В бельгийском издательстве «Динамо» в свое время были опубликованы заметки Жана Кокто о «Завещании Орфея». Нам представляется очень важным привести отрывок из этого малоизвестного текста, поскольку в нем дан ответ на многие возникающие у читателя и зрителя вопросы.

«Помимо того, что этот фильм — своего рода внутренний автопортрет, он не что иное, как перевод на мой язык того, что я подразумеваю под орфической инициацией. По сравнению с подобными инициациями, аналогичными введению в Элизийский храм, посвящение в Союз вольных каменщиков в некотором смысле — деградация церемониала, содержавшего угрозу смерти. Даже Декарт, отвращение к которому я не скрываю и которого считаю одним из егерей, устраивавших травлю поэтов, даже Декарт занимался тайными культовыми обрядами и был розенкрейцером.

Но тайному кружку Декарта или Вольтера и энциклопедистов я противопоставляю более открытый кружок, куда входили бы Паскаль или Жан-Жак, при том, что Жан-Жак преисполнен скуки и примитивной риторики.

Я — образец антиинтеллектуала, и мой фильм — тому доказательство. Сначала я придумал полусон в полумраке, позволяющий ночи украдкой проскользнуть в разгар дня (под самым носом у таможни интеллекта мимо контрольного пункта запрещенных товаров).

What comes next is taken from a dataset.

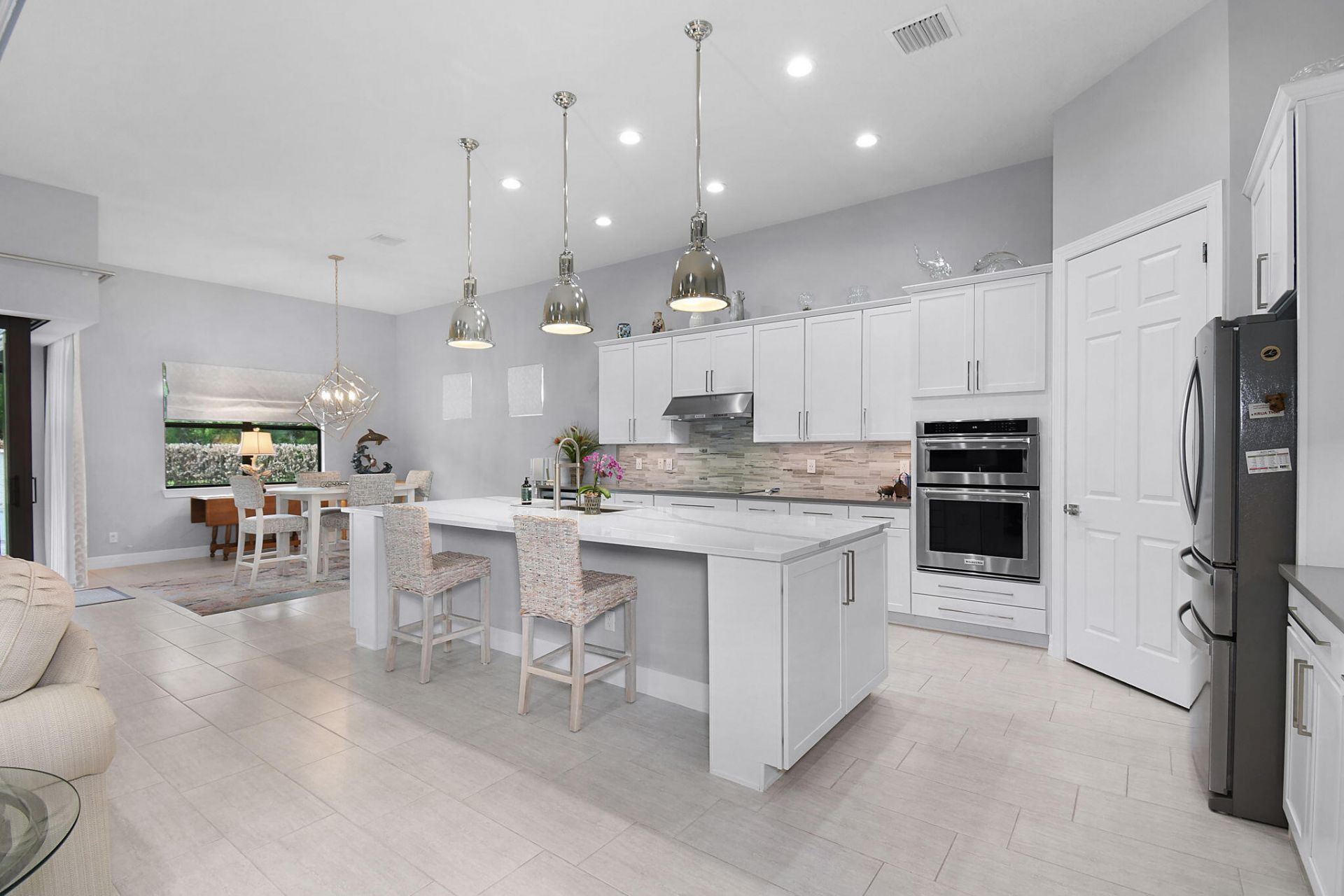 4953 SW Sensation Street, Palm City, FL 34990 Photo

Затем в конце концов препоны коммерческого порядка и сложность достать хотя бы небольшую сумму (вызывавшую подозрения у тех, кто ворочает большими) отдалили меня от предмета моих занятий и тогда, отдалившись, этот предмет стал для меня столь же непонятным и странным, я бы даже сказал, глупым, как и для тех, кто был в гуще свалки и утверждал, что знает публику и ее требования.

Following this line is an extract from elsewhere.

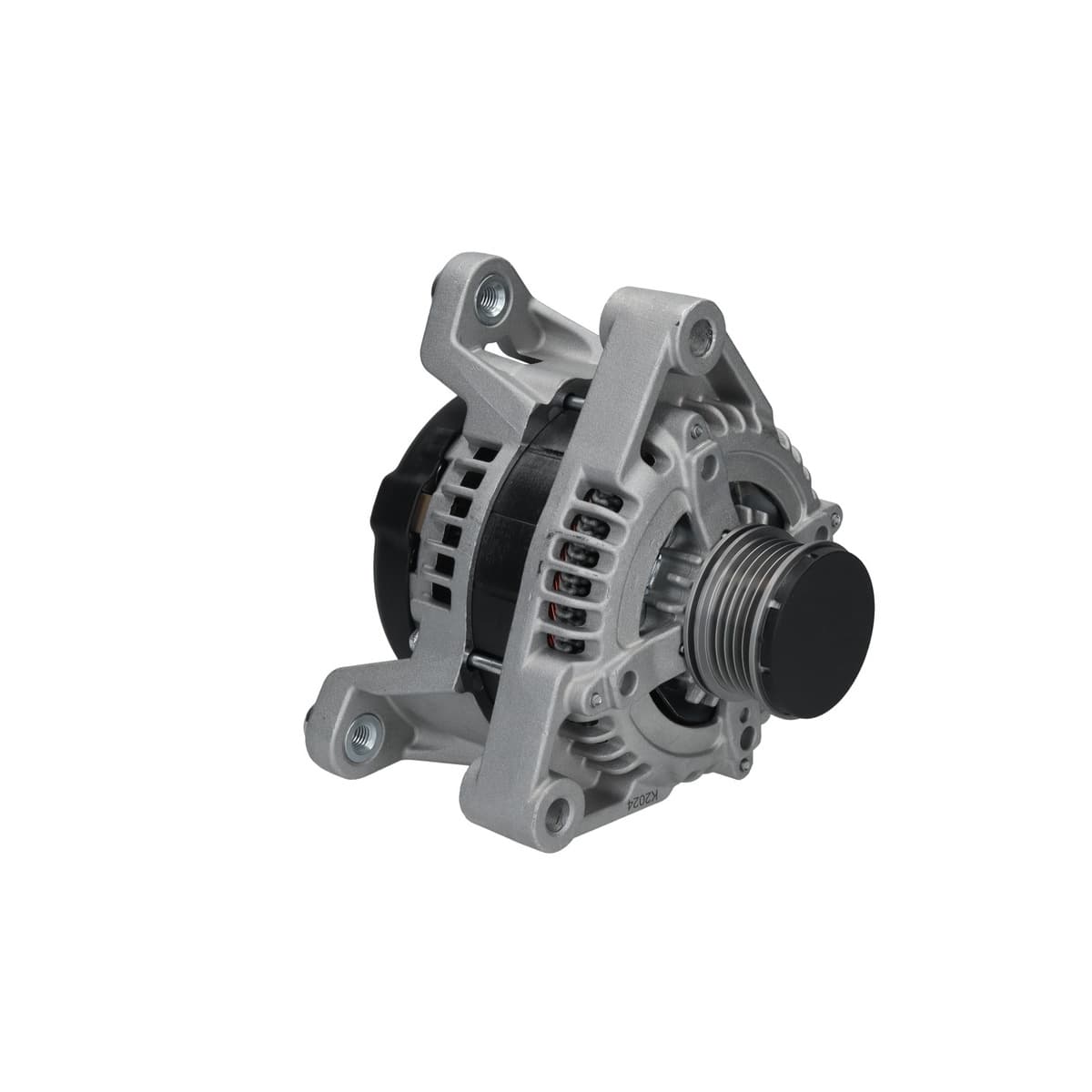 Product image - front view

И тогда моя команда новичков, набранная из моих единомышленников, пристыдила меня за то, что я дал себя подчинить контролю разума (заклятого врага поэтов). Эти простые люди (электрики и механики) считали естественным мучиться с эпизодами, которые потом попадали в корзину. Эти люди олицетворяли заветную невинность, которую я начинал терять.

Я не смел взяться за полагавшуюся мне роль, но им удалось убедить меня, что никто другой не сможет ее сыграть. Короче говоря, я снова обрел утерянное детство, уважая энтузиазм и отвагу всей команды, благодаря их за доверие и такт. Я словно состарился, изнуренный поиском денег, в изобилии предлагавшихся мне продюсерами, но ровно до той минуты, пока они не видели сценарий и диалоги.

Кинематографическое произведение искусства не имеет касательства к чернилам, и следует опасаться обольстившего вас сюжета, который станет разлагаться на экране.

Когда меня спрашивали: „Чего вы ждете от этого фильма?“ — я отвечал: „Когда я его делаю, я испытываю слишком явное наслаждение, чтобы еще и ждать от него чего-либо и чтобы надеяться на большее наслаждение“.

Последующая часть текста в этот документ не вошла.